Task requirements: Below are entries. Reproduce exactly the lines between the line holding "Lego star wars" and the line holding "I Didn’t Sign Up For This chapter 25 page 1", inclusive, and only those.

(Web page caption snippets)
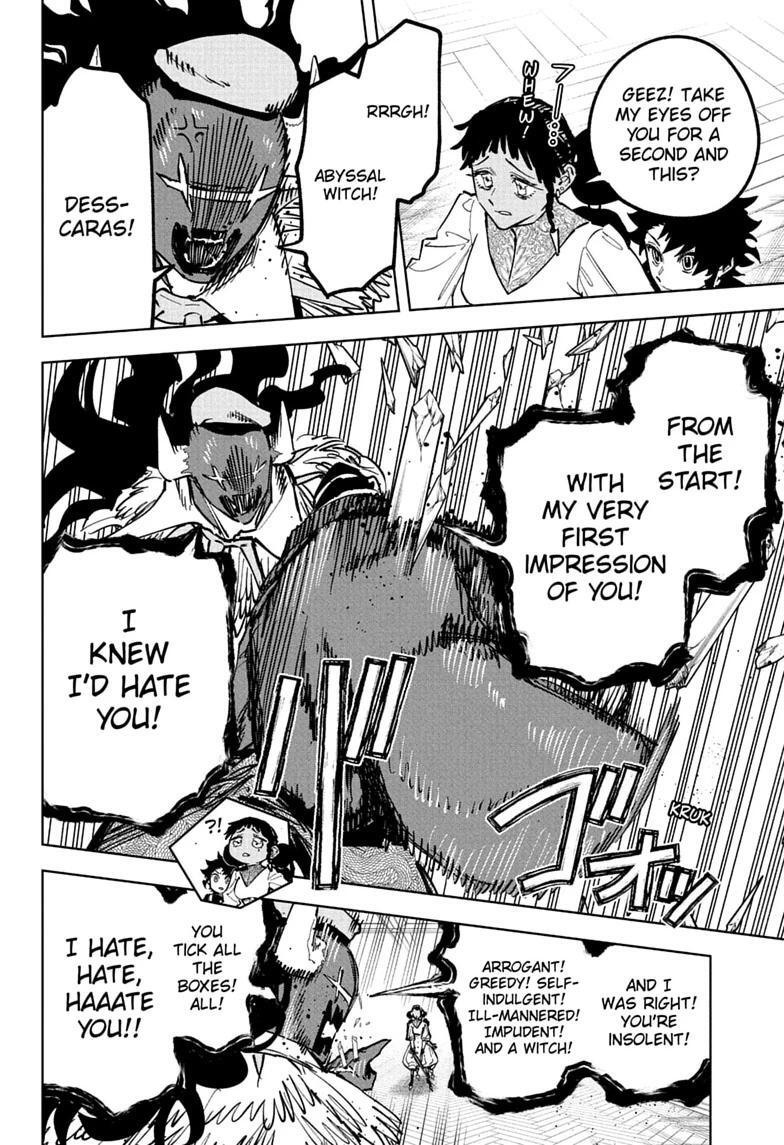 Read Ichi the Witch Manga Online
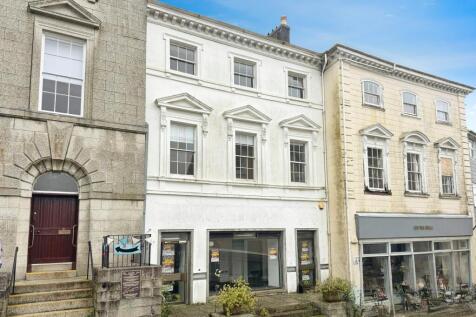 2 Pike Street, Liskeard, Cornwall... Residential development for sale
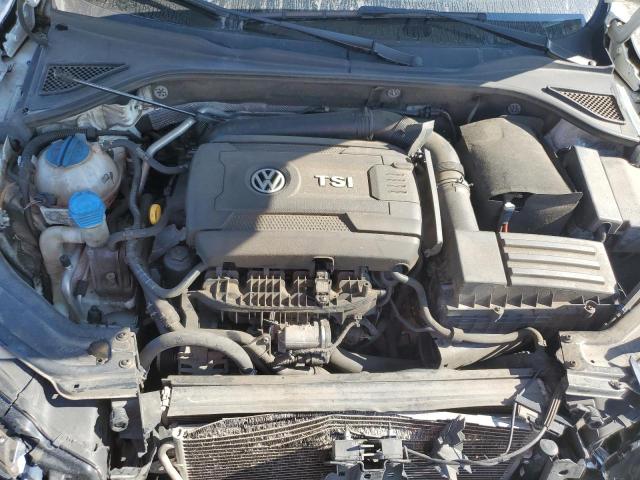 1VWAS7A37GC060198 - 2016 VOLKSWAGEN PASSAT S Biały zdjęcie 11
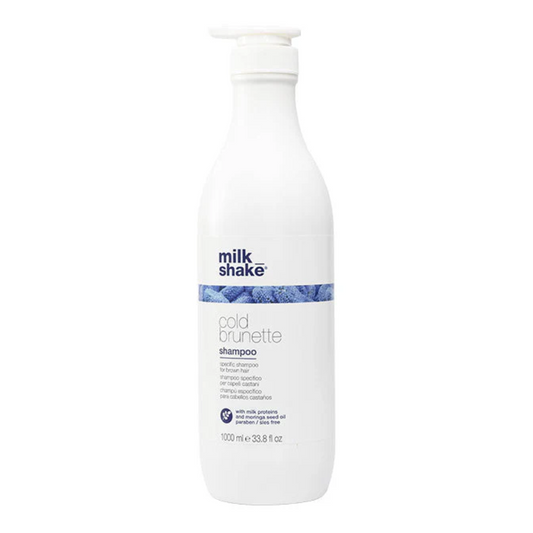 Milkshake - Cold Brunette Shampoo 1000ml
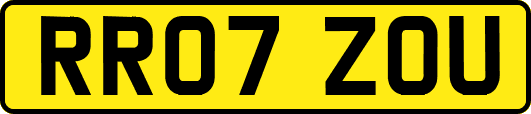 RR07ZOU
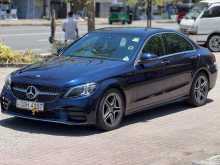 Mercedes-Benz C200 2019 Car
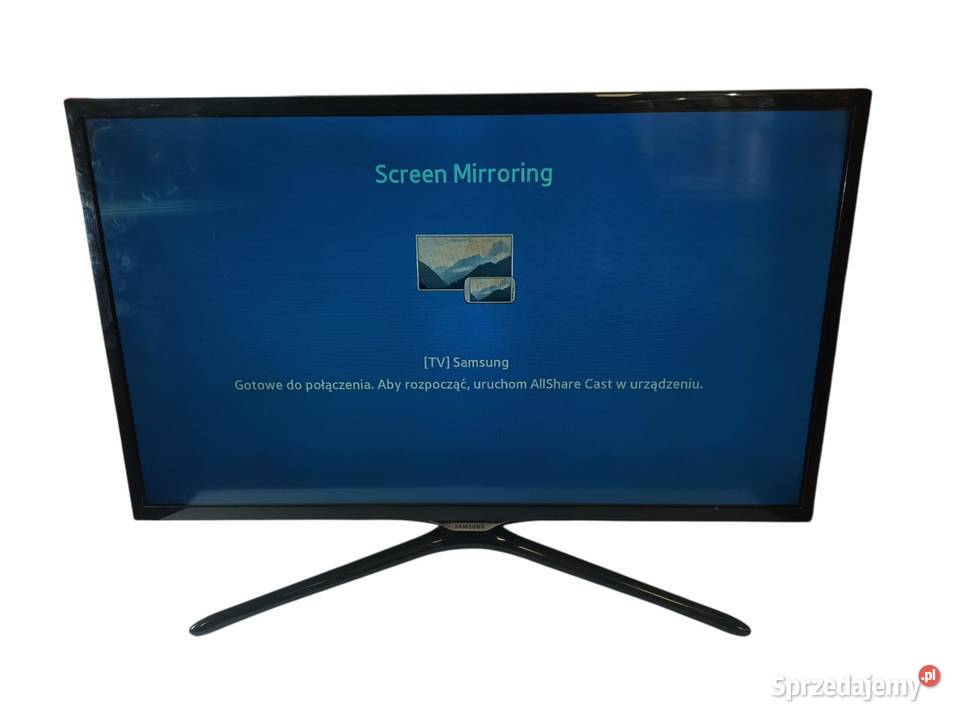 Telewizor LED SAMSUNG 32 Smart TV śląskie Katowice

* * *

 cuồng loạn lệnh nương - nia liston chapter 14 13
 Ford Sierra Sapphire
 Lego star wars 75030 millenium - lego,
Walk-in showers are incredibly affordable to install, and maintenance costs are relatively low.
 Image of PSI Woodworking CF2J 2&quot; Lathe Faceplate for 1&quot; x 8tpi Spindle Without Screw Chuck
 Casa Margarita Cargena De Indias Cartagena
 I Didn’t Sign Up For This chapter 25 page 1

Task response:
 Lego star wars 75030 millenium - lego,
Walk-in showers are incredibly affordable to install, and maintenance costs are relatively low.
 Image of PSI Woodworking CF2J 2&quot; Lathe Faceplate for 1&quot; x 8tpi Spindle Without Screw Chuck
 Casa Margarita Cargena De Indias Cartagena
 I Didn’t Sign Up For This chapter 25 page 1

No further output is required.